First, the theory concepts:
A function $f(t, y)$ is said to satisfy a Lipschitz condition in the variable $y$ on a set $D$ in $R^2$ if there exists a constant $L > 0$ such that $|f(t, y_1)− f(t, y_2)| ≤ L |y_1 − y_2| $ (1), whenever both points $(t,y_1)$ and $(t, y_2)$ are in $D$. The constant $L$ is called a Lipschitz constant for f.
First example
Let $f(t,y) = t|y|$, in $D=[1,2] \times [-3,4]$. Does f satisfy a Lipschitz
condition on D?
Ok the solution is:
$|f(t, y_1)− f(t, y_2)| = \bigl|t|y_1| - t|y_2|\bigl|\ ≤\ |t| \bigl||y_1| − |y_2|\bigl| \ ≤ \ 2|y_1 − y_2|$
And L = 2.
So my questions:
If:
$\ |f(t, y_1)− f(t, y_2)| = |t| \bigl||y_1| − |y_2|\bigl|$,
then the "result" should be:
$|t| \bigl||y_1| − |y_2|\bigl| \ ≤ \ L|y_1 − y_2|$ for the formula in (1), so how you get L and why is the solution L=2? I'm not understanding how to reach that form.
I can imagine that $L=2$ is related with the top $[1,2]$ first interval.
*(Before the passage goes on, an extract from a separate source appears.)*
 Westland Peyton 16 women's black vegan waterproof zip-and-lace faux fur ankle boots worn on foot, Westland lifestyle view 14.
Do I need to try the $[-3,4]$ values for the $y_1$ and $y_2$ variables respectively?
- Why do we need to use absolute values in every part of the function?
- Whenever I face a problem like this, do I need to reach the $|(some Number)||y_1 - y_2|$ form and pick the $someNumber$ as $L$? It will be always possible to do?
Second example
Let $f(t,y) = \frac{2y}{1 + y^2}(1+sin(t))$, in $D=[0,1] \times \Re$. Does f satisfy a Lipschitz condition on D?
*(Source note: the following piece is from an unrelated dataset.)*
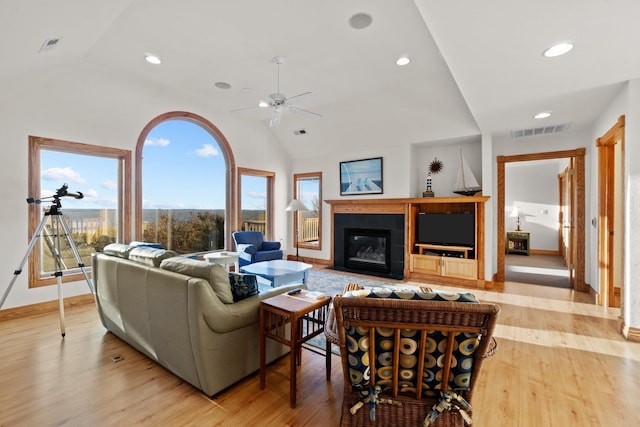 living room featuring a fireplace with flush hearth, vaulted ceiling, and wood finished floors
Here I have tried to get the (1) form but I couldn't, I have literally no idea and I would need a step by step resolution to understand this. I would appreciate some resources to learn about this theorem...
Thanks in advance, as you can see I am very lost on this.
For your first question, we know that $t \in [1,2]$, hence $|t| \le 2$.
$||y_1|-|y_2|| \le |y_1-y_2|$ is due to reversed triangle inequality.
Lipchitz condition is phrased in terms of absolute value, hence the absolute values that you see.
If it satisfies Lipschitz condition, then such $L$ exists, I am not claiming that it is easy to find the Lipschitz coefficient though.
For the second example:
\begin{align} |f(t,y_1)-f(t,y_2)| &= |1+\sin(t)|\left| \frac{y_1}{1+y_1^2}-\frac{y_2}{1+y_2^2}\right|\\ &\le2 \left| \frac{y_1}{1+y_1^2}-\frac{y_2}{1+y_2^2}\right| \\ &=2\left| \frac{1-y_3^2}{(1+y_3^2)^2} \right||y_1-y_2| \text{, by MVT}\\ &\le 2 \cdot \frac{1+y_3^2}{(1+y_3^2)^2} \cdot|y_1-y_2|\text{, by triangle inequality} \\ &= 2 \cdot \frac{1}{(1+y_3^2)} \cdot|y_1-y_2| \\ &\le 2|y_1-y_2| \end{align}